→ Exercise directions: All lines from the one containing "Intellinet Fixed Shelf" to the end of the material are to be given again exactly; leave out every line before it.

□ □ □ □

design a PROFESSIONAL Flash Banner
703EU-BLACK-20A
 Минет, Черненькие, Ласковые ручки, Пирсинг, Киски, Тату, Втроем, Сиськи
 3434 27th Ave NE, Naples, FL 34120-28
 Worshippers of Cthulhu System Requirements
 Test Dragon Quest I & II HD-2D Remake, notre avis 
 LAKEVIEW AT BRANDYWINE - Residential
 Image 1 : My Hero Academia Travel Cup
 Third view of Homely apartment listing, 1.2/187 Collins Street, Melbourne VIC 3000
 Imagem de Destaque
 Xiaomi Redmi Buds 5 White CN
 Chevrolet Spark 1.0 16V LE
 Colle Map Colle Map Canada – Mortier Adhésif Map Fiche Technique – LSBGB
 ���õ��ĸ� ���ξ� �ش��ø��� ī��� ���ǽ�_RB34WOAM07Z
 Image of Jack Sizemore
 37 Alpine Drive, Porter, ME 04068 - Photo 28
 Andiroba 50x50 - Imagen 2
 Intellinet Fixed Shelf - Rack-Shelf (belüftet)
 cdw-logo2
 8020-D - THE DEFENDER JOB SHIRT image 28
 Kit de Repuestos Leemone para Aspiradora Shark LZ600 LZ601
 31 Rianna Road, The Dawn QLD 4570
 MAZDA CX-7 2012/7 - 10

□ □ □ □

→ Solution to this task:
 Intellinet Fixed Shelf - Rack-Shelf (belüftet)
 cdw-logo2
 8020-D - THE DEFENDER JOB SHIRT image 28
 Kit de Repuestos Leemone para Aspiradora Shark LZ600 LZ601
 31 Rianna Road, The Dawn QLD 4570
 MAZDA CX-7 2012/7 - 10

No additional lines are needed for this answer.